The workers voted throughout the day inside Disneyland’s Lincoln Theater, union officials announced late Thursday.
The deal between Disney and the Master Services Council brings “cast members” up to a minimum wage of $15 per hour by January 2019, and includes three wage increases of 3 percent for workers already making above $15.
The agreement, which was announced Monday but not made official until Thursday’s vote, also includes improvements to policies concerning seniority, premium pay and paid days off, the officials said.
Master Services Council employees work in the areas of attractions, stores, custodial, main entrance, costuming, bakery/confection, resort transportation and parking and the onsite distribution center. They work at Disneyland Park, Disney California Adventure Park and Downtown Disney.
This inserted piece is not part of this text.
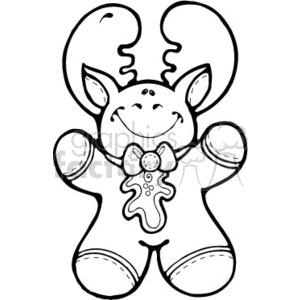 The clipart image shows a cartoon moose with a cheerful expression. The moose has large, stylized antlers, and the image has a simple, black and white line art style typically used for coloring activities.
“The Disneyland Resort and Master Services Council are proud to have reached a tentative agreement, which we are hopeful will be ratified later this week,” according to a joint statement issued Monday. “We have had a successful history of working together since Disneyland Park opened in 1955, and this contract continues that shared commitment to cast members.”
In May, Disneyland Resort executives said they had proposed a wage offer that would amount to a 36 percent increase over a three-year span for its hourly workers. Under that proposal, Master Services Council workers would make a $15-per-hour wage by 2020, which would be two years ahead of the state’s minimum wage standard, Disney officials said.
Park workers have been staging rallies for weeks calling for increased wages. The union representing workers issued a report earlier this year contending that some Disneyland workers were paid so little they had recently experienced homelessness and others were unable to afford three meals a day.
Disneyland officials blasted the report as “inaccurate and unscientific.”